Exercise inputs START

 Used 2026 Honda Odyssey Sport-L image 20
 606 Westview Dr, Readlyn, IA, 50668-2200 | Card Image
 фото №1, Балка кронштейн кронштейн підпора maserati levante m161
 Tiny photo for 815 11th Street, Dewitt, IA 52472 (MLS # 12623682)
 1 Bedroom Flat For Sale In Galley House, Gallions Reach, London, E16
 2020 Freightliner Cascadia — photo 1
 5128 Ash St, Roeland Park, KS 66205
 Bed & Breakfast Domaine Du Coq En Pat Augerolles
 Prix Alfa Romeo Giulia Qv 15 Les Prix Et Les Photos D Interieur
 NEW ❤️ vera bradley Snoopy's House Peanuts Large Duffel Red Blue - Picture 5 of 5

Exercise inputs END

Task to carry out => Above this task is a listing. Restate, word for word and with nothing added, the lines from the one with "1 Bedroom Flat" through the one with "Prix Alfa Romeo".

Completed exercise =>
 1 Bedroom Flat For Sale In Galley House, Gallions Reach, London, E16
 2020 Freightliner Cascadia — photo 1
 5128 Ash St, Roeland Park, KS 66205
 Bed & Breakfast Domaine Du Coq En Pat Augerolles
 Prix Alfa Romeo Giulia Qv 15 Les Prix Et Les Photos D Interieur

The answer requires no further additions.